Parimenti le voci colgono alla perfezione il senso dello spettacolo, a partire dall'Azucena di Nino Surguladze, che forse non avrebbe egual efficacia in una lettura all'italiana, mentre qui sa essere tagliente, alienata, sottile come par naturale con testo e strumentazione francese, nonché con gesto e pose wilsoniane. Anche la tendenza ad alcune emissioni fisse di Franco Vassallo non solo si sposa bene alla sua figura scenica vampiresca, ma rende anche l'animo prosciugato più che passionale di un uomo che appare, in questa versione, benché innamorato soprattutto eroso dal giuramento di vendicare lo scomparso fratellino, quasi un contraltare di Azucena. Giuseppe Gipali canta con eleganza ricordando che stiamo parlando di un poeta cavalleresco, e non di un guascone lanciatore di acuti, anche se si riserva comunque qualche prudenza per arrivare senza preoccupazioni all'appuntamento con il Do di “Bûcher infame”. Chi però colpisce maggiormente è la Léonore di Roberta Mantegna, voce omogenea e ben proiettata, di smalto morbido e lucente, sicura in una parte che non concede sconti anche senza l'onere di “Tu vedrai che amore in terra”. Solo in “Brise d'amour fidèle” (“D'amor sull'ali rosee”) la tessitura acuta delle ultime battute fa emergere qualche tensione, corretta la quale potremo salutare nella talentuosa trentenne palermitana un'autentica fuoriclasse.
Marco Spotti è un Fernand spettrale ed evanescente come un'ombra di morte, mentre Tonia Langella, Luca Casalin e Nicolò Donini completano il cast come Inés, Ruiz e messaggero, un vecchio zingaro. Il coro del Teatro Comunale di Bologna preparato da Andrea Faidutti fa bella mostra di sé, così come l'orchestra felsinea, sempre pronta a realizzare al meglio le indicazioni di Abbado.

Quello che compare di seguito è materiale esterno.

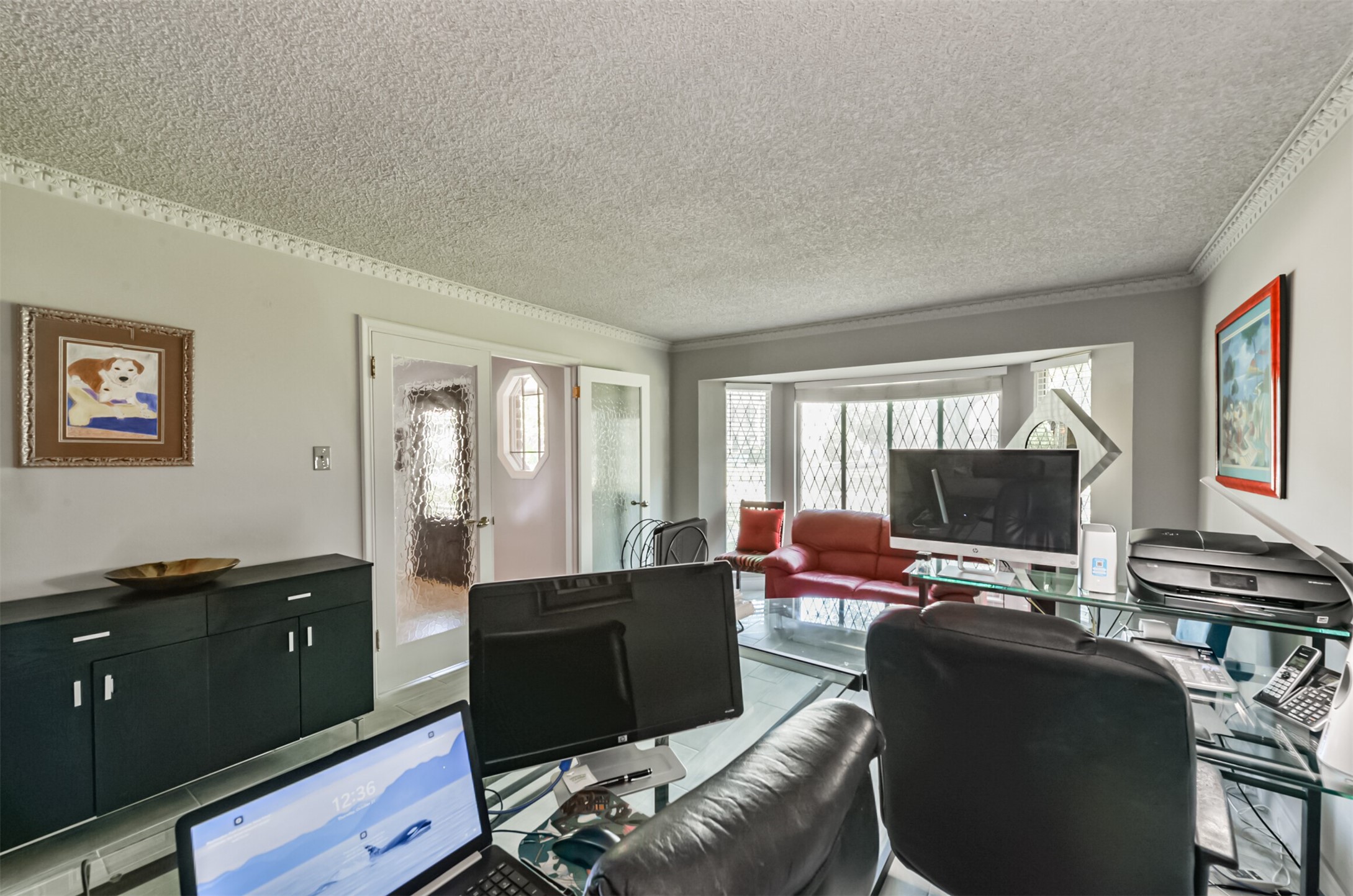 This space is traditionally the formal living room but the seller uses it as his office. The sheer size and view out the window make it fit for a VIP.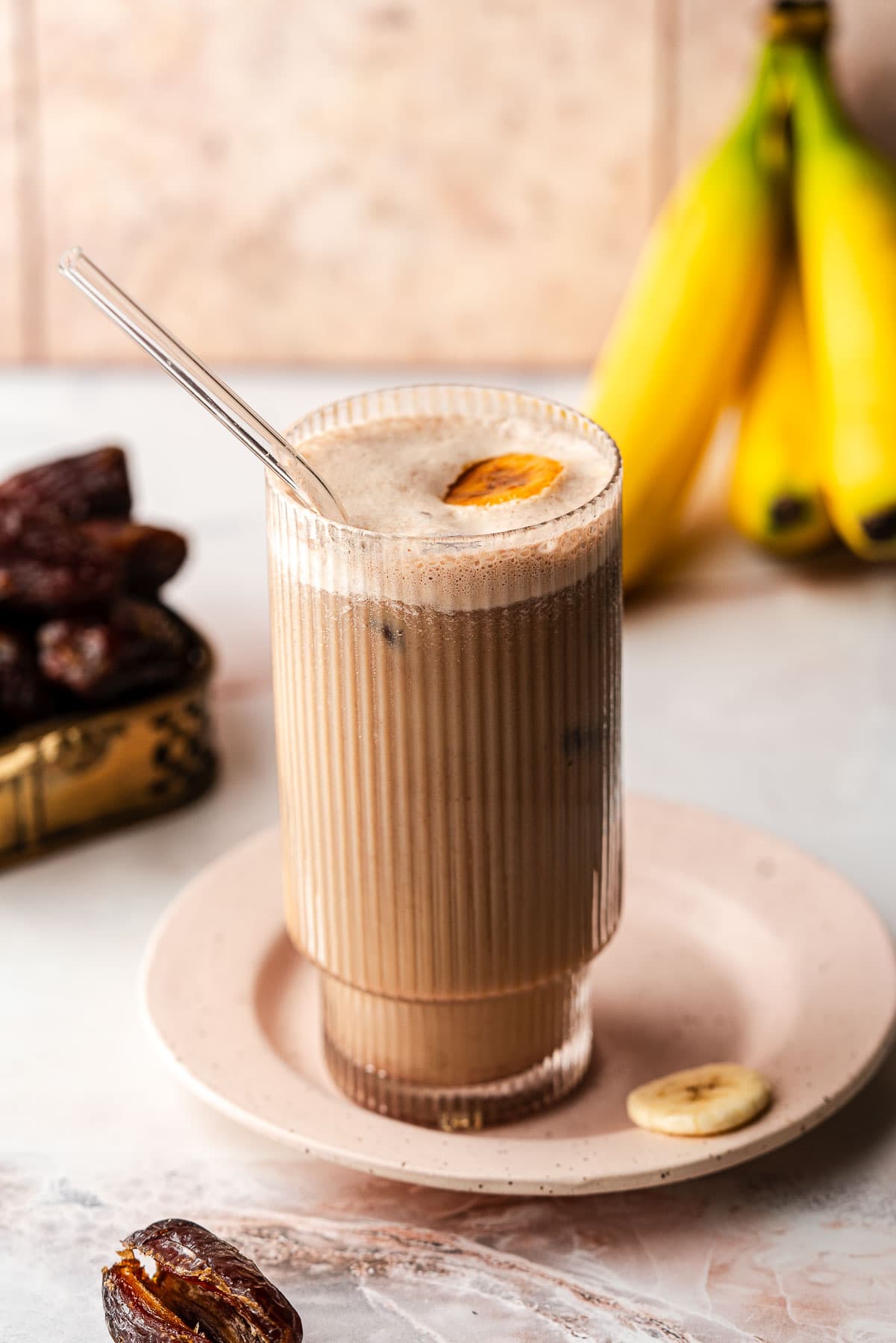 Banana Date Latte with a straw on a plate with dates and bananas.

La fredda luce azzurrina che attraversa i quattro atti del dramma verdiano rinnovato sulla traduzione francese di Emilien Pacini evidentemente non scalda gli animi di un pubblico che, dopo le rimostranze riservate alle coreografie, tributa meritati apprezzamenti a direttore e cantanti senza tuttavia particolari impeti d'entusiasmo.